* _Pictures with short captions_
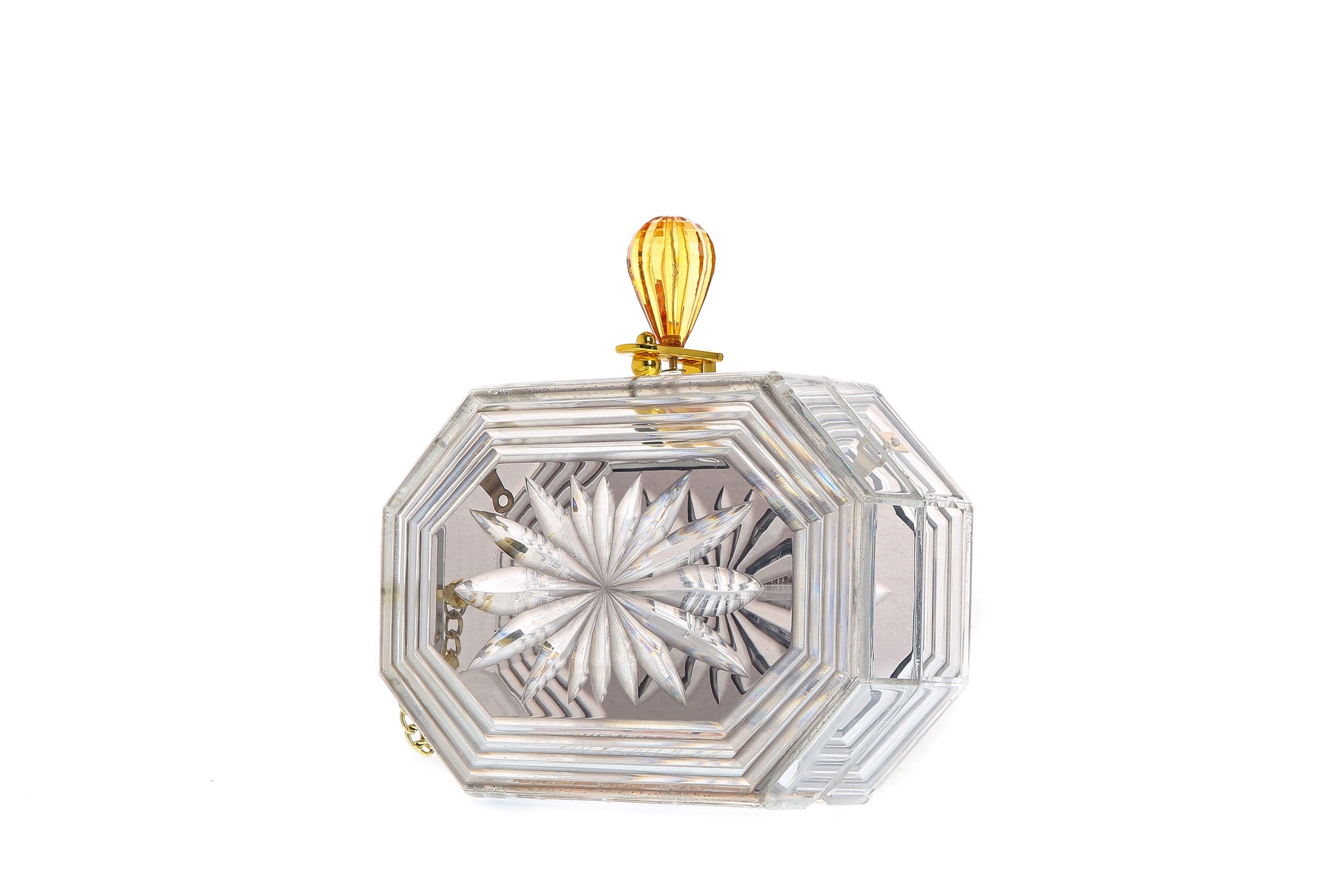 Perfume Bottle Clear Flower Cut Acrylic Box Clutch-Gray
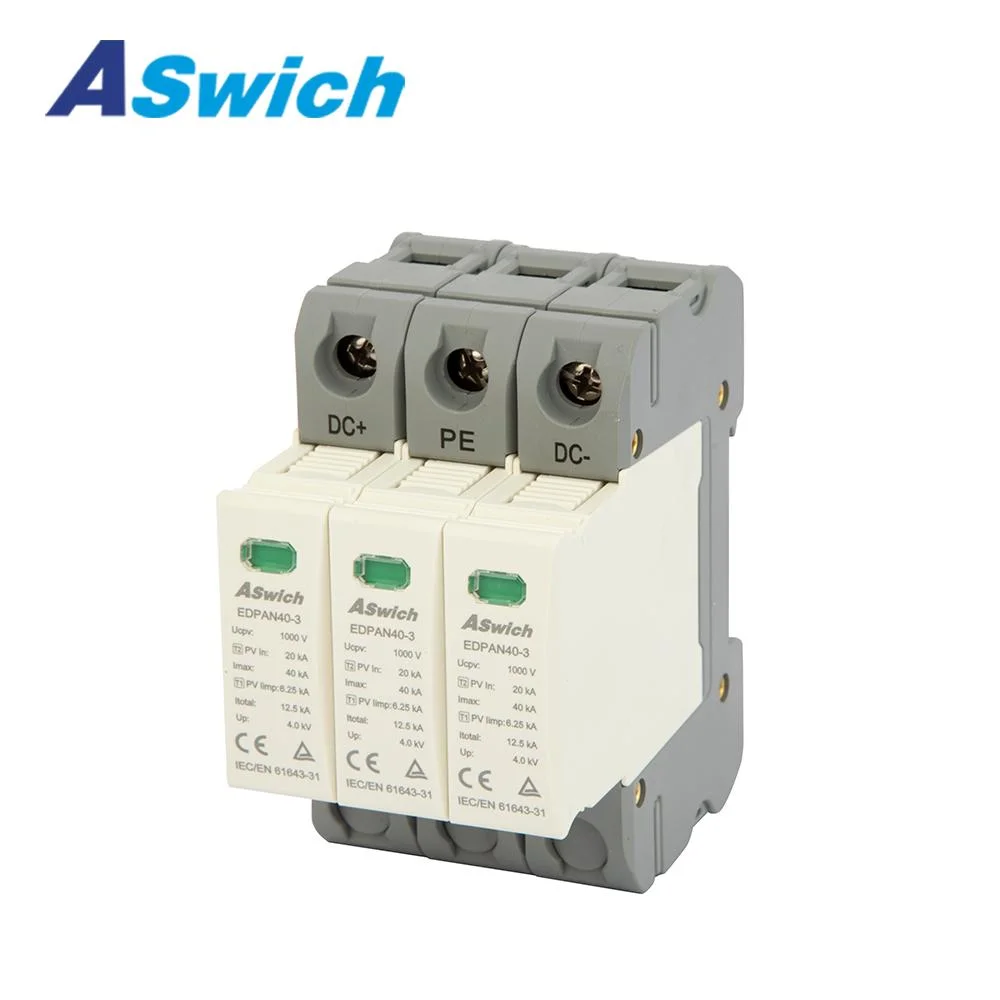 1000V T2 /T1+T2 Lightning Arrester DC 1000V 20ka 40ka Discharge Current Surge Protector SPD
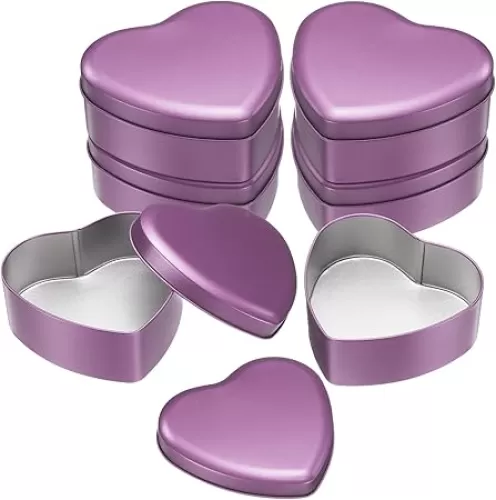 uxcell 6Pcs Heart Shaped Metal Tins Box, Empty Candy Jars with Lids, Favors Storage Containers for Valentine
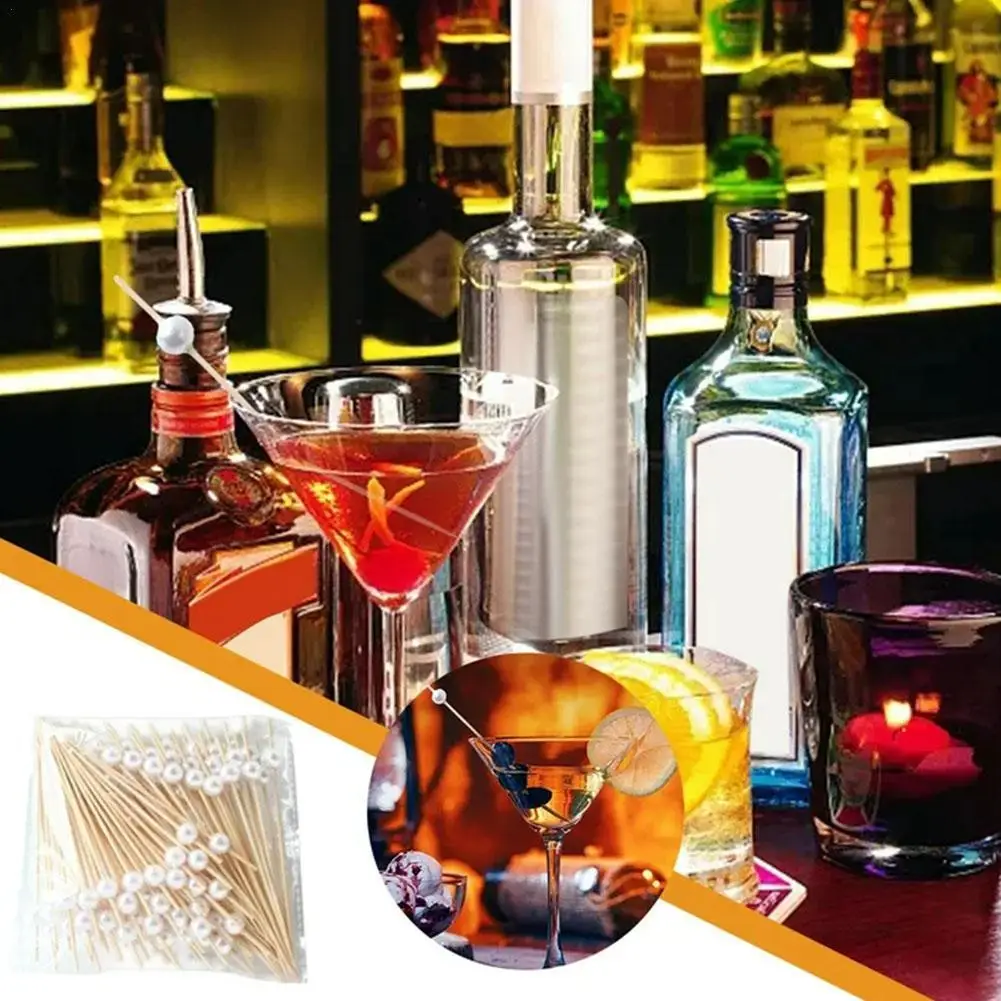 

100Pcs Bamboo Skewers Food Fruit Picks Wedding Party Disposable Cake Dessert Cocktail Sticks Buffet Cupcake Toothpick Skewer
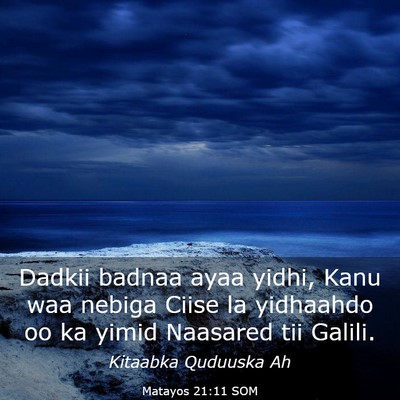 Picture 03 - Matayos 21:11 SOM - Dadkii badnaa ayaa yidhi, Kanu waa nebiga Ciise - Bible Verse Picture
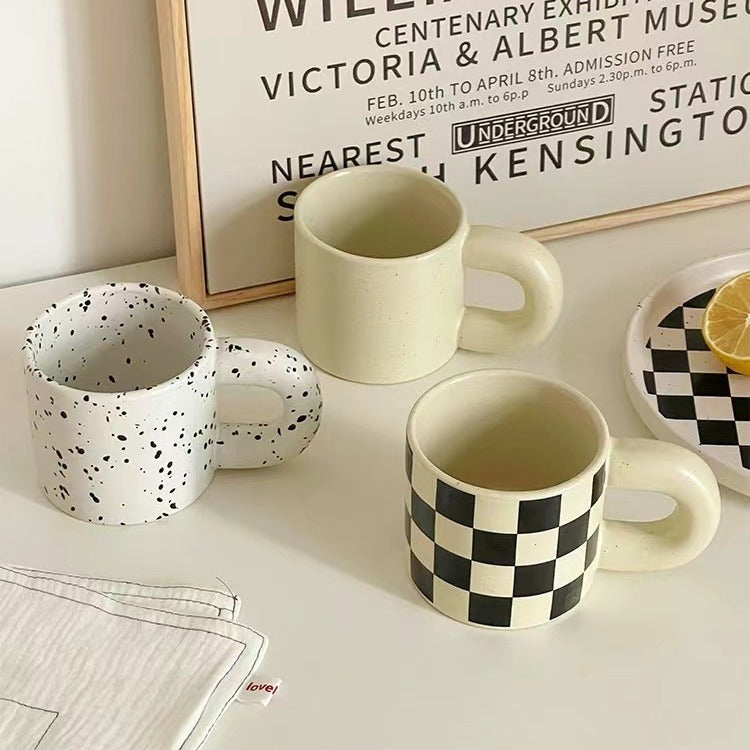 Artistic Korean Ceramic Latte Mug: Unique Sesame Glaze Ink Dot Design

* _What the task asks_
The output is the lines from the start of the data above through the line containing "uxcell 6Pcs Heart", unchanged, with any picture left out.

* _Written response_
 Perfume Bottle Clear Flower Cut Acrylic Box Clutch-Gray
 1000V T2 /T1+T2 Lightning Arrester DC 1000V 20ka 40ka Discharge Current Surge Protector SPD
 uxcell 6Pcs Heart Shaped Metal Tins Box, Empty Candy Jars with Lids, Favors Storage Containers for Valentine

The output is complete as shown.